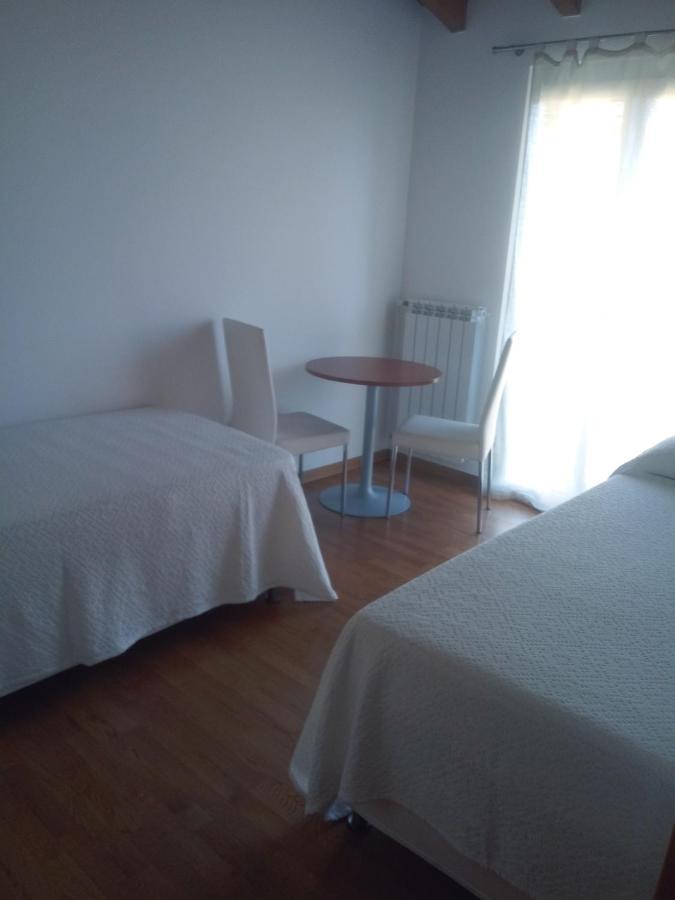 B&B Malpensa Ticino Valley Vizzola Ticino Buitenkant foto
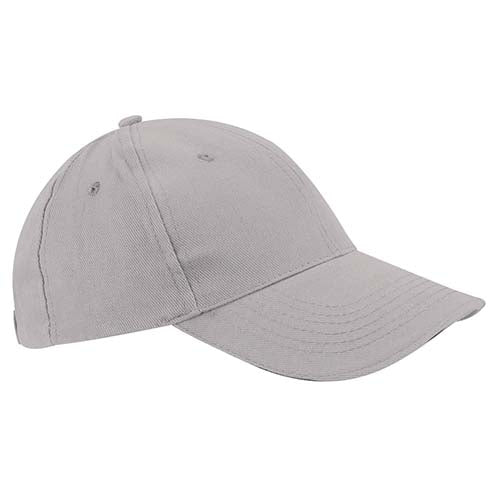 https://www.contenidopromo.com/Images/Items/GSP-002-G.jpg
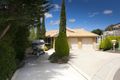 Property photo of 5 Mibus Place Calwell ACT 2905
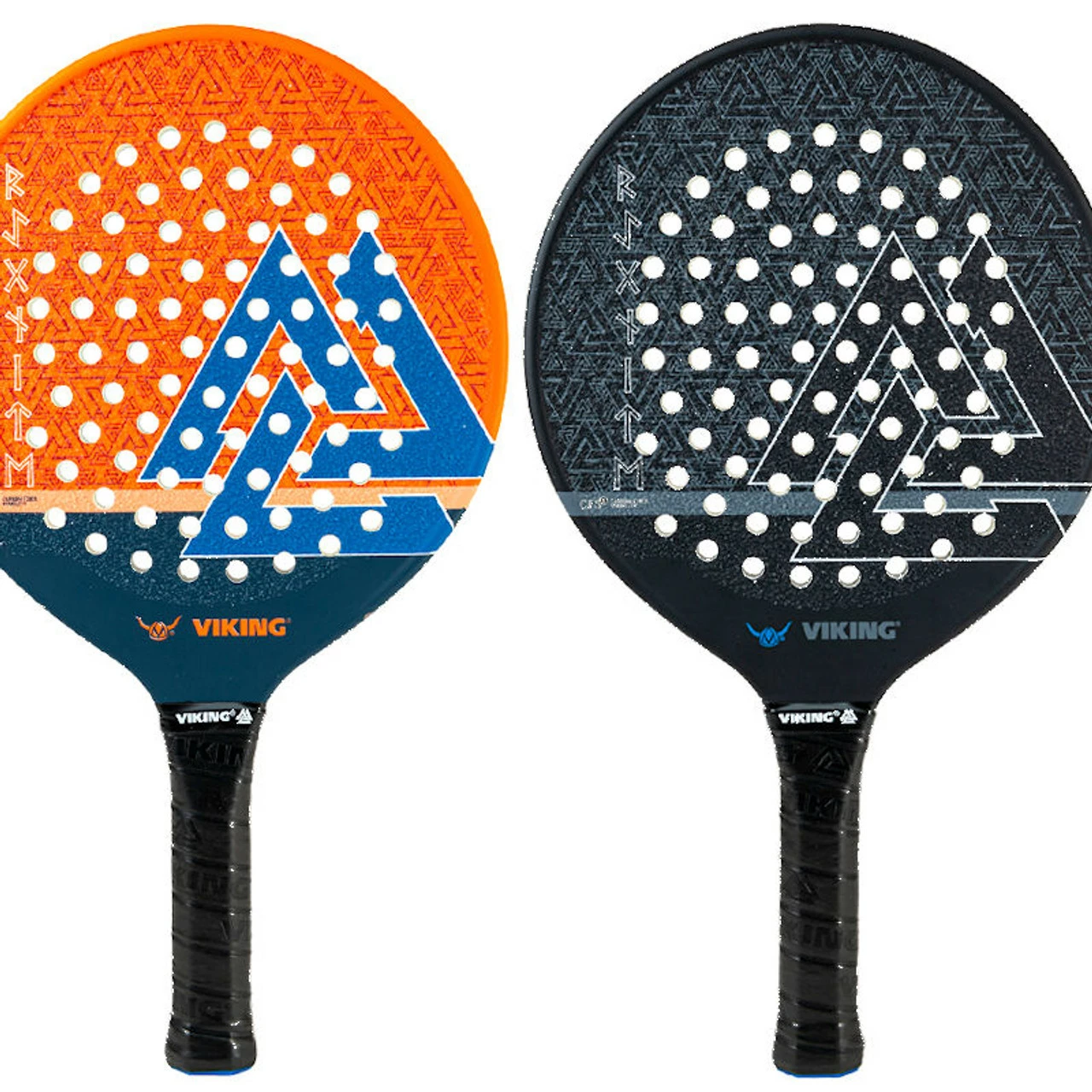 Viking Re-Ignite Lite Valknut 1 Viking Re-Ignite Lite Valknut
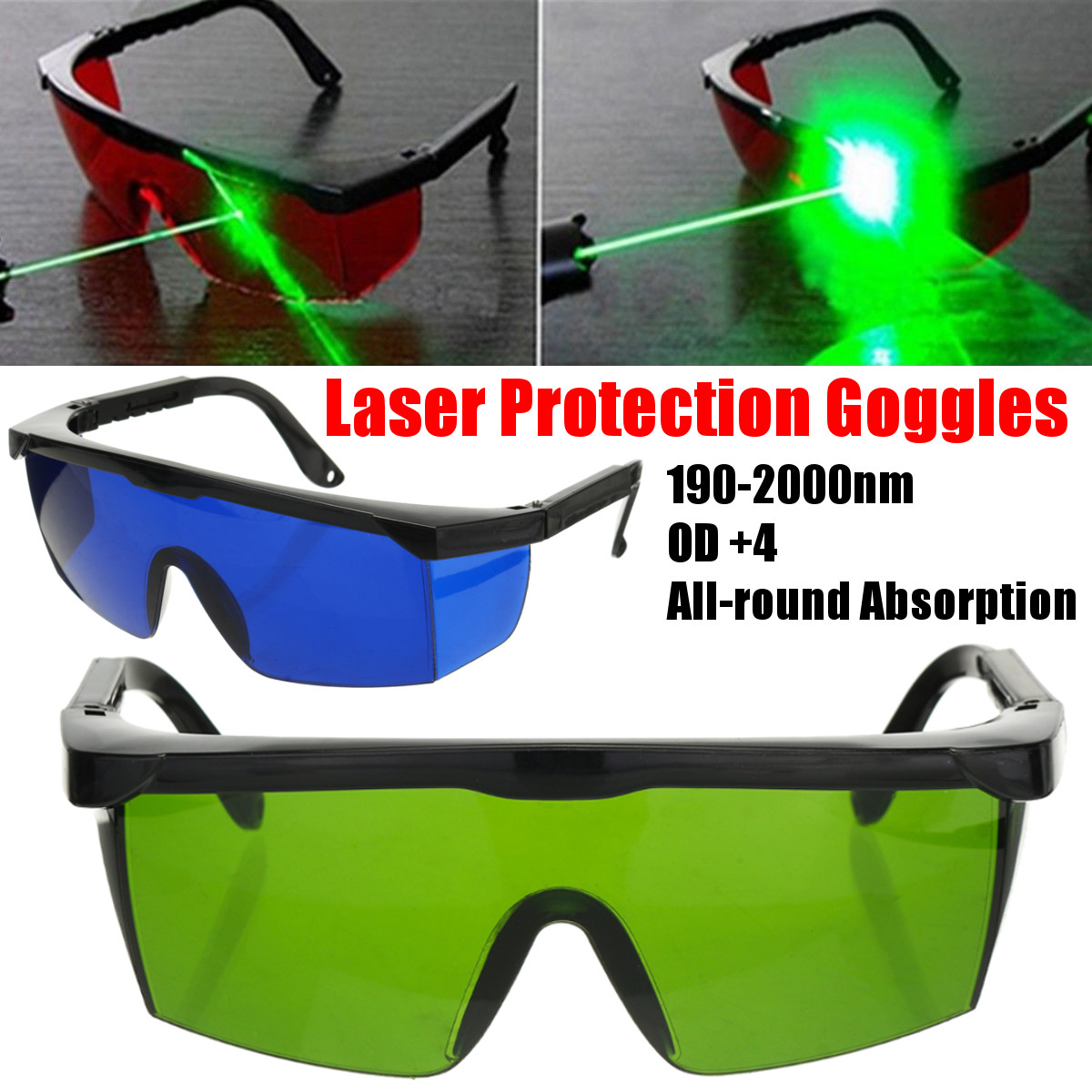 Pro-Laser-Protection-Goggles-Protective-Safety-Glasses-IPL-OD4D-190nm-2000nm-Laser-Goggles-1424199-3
- - -
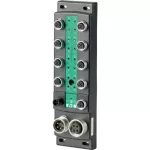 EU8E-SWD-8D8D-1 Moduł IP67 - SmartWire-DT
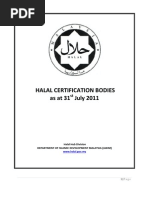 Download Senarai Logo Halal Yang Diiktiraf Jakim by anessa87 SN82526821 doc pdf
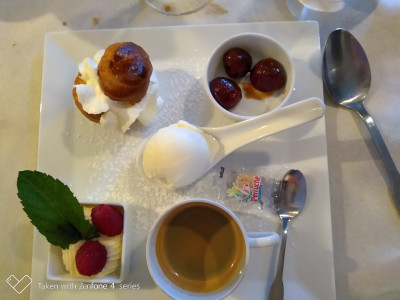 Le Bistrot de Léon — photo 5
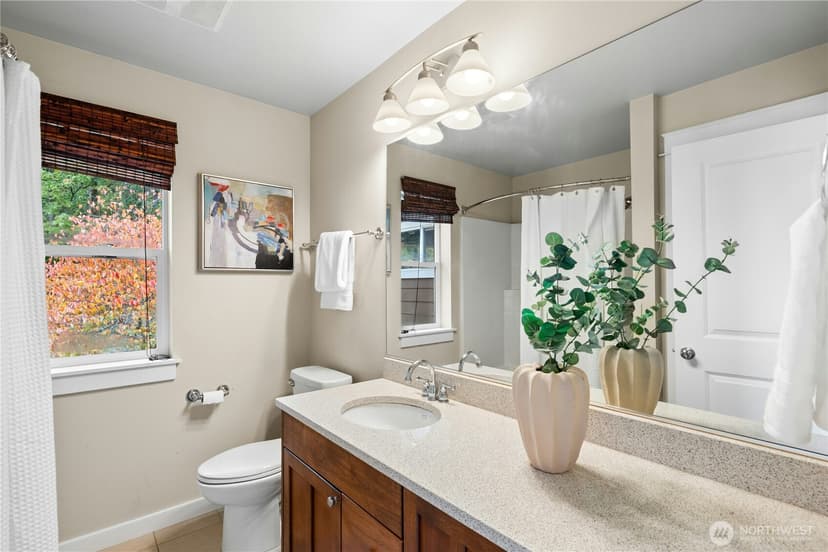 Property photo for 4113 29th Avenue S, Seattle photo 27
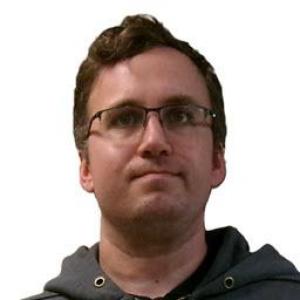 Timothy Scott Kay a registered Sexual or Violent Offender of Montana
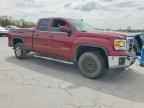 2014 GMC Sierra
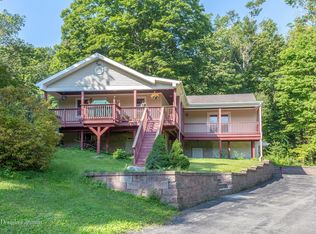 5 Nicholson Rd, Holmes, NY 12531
- - -
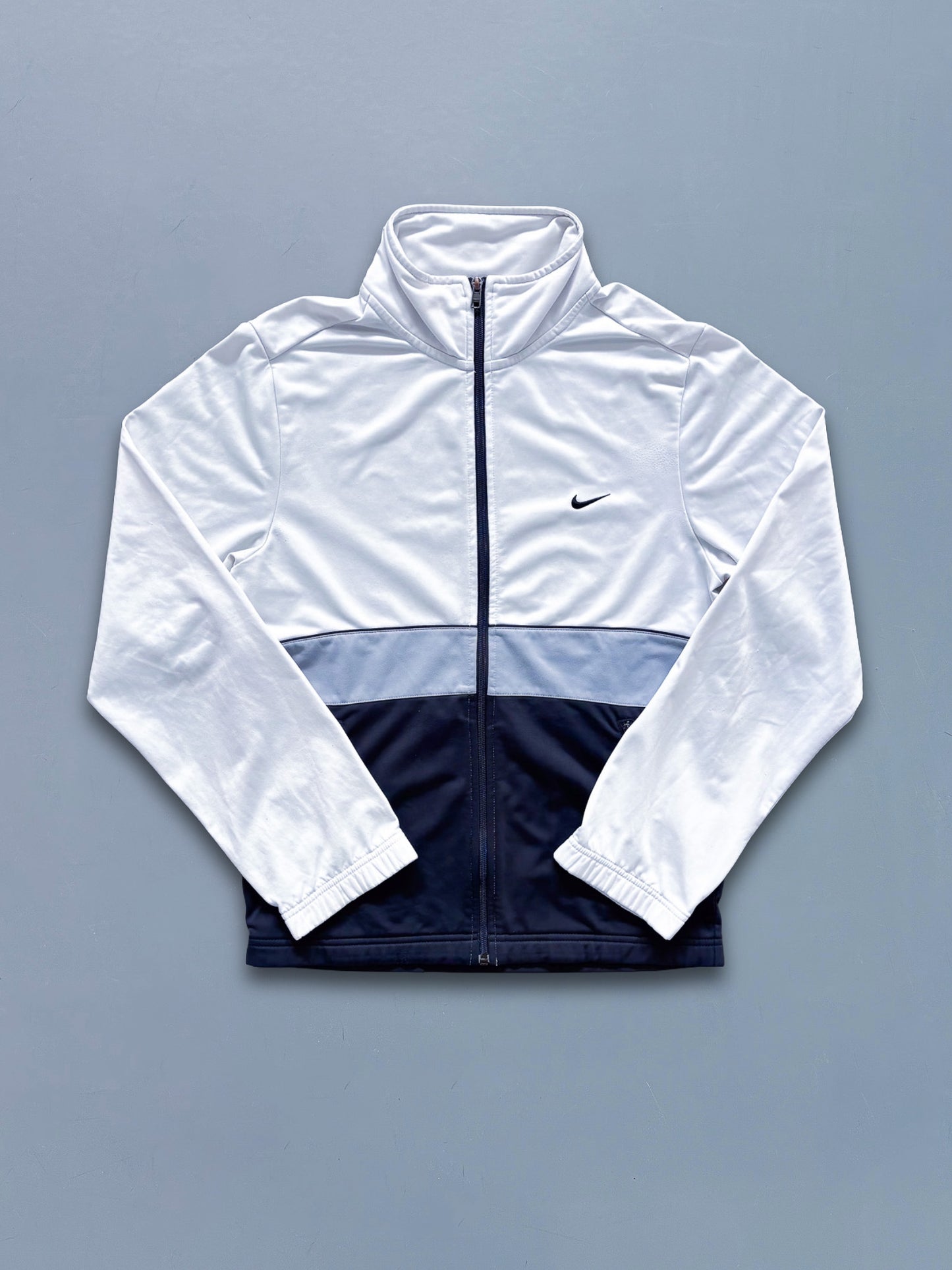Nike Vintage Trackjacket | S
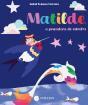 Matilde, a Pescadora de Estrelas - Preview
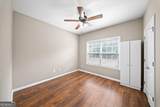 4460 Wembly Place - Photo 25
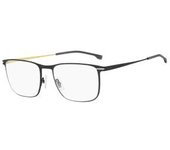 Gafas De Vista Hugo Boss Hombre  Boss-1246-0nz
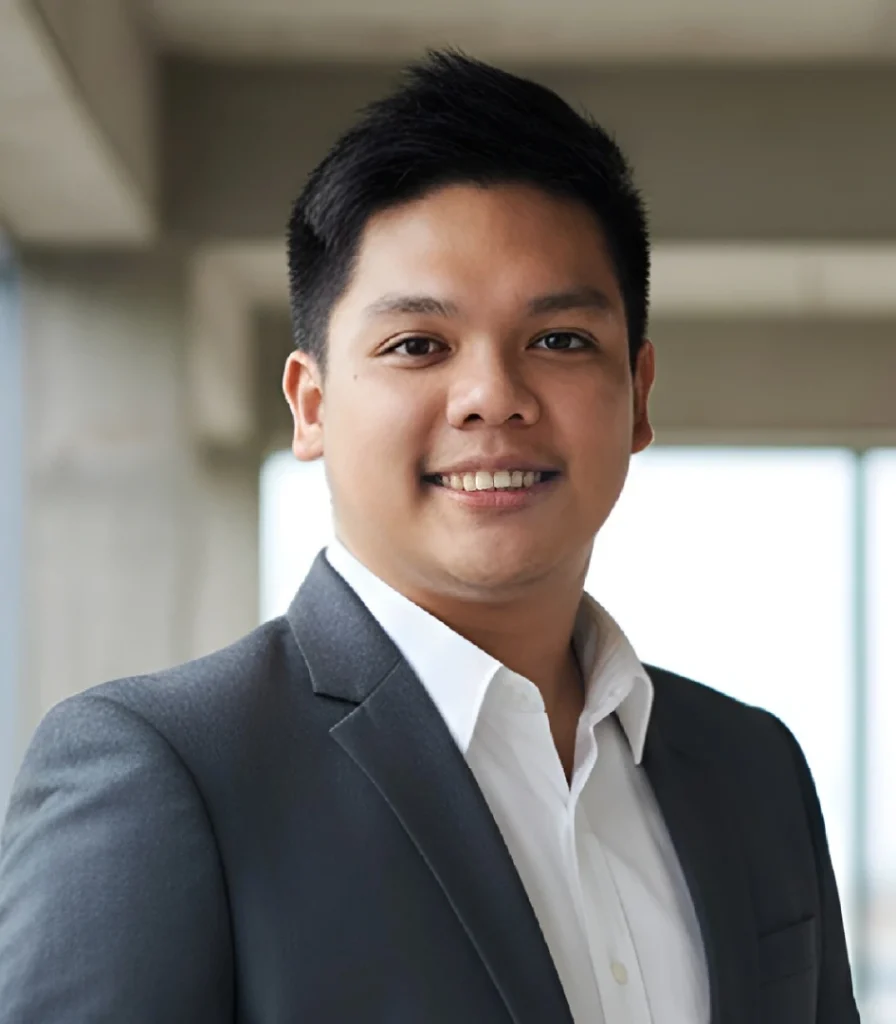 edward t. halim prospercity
- - -
> [Your task]:
Within the listing above, the stretch from the line with "Matilde, a Pescadora de Estrelas - Preview" down to the line with "edward t. halim prospercity" is to be given again exactly, end lines included and pictures excluded.

> [Task result]:
 Matilde, a Pescadora de Estrelas - Preview
 4460 Wembly Place - Photo 25
 Gafas De Vista Hugo Boss Hombre  Boss-1246-0nz
 edward t. halim prospercity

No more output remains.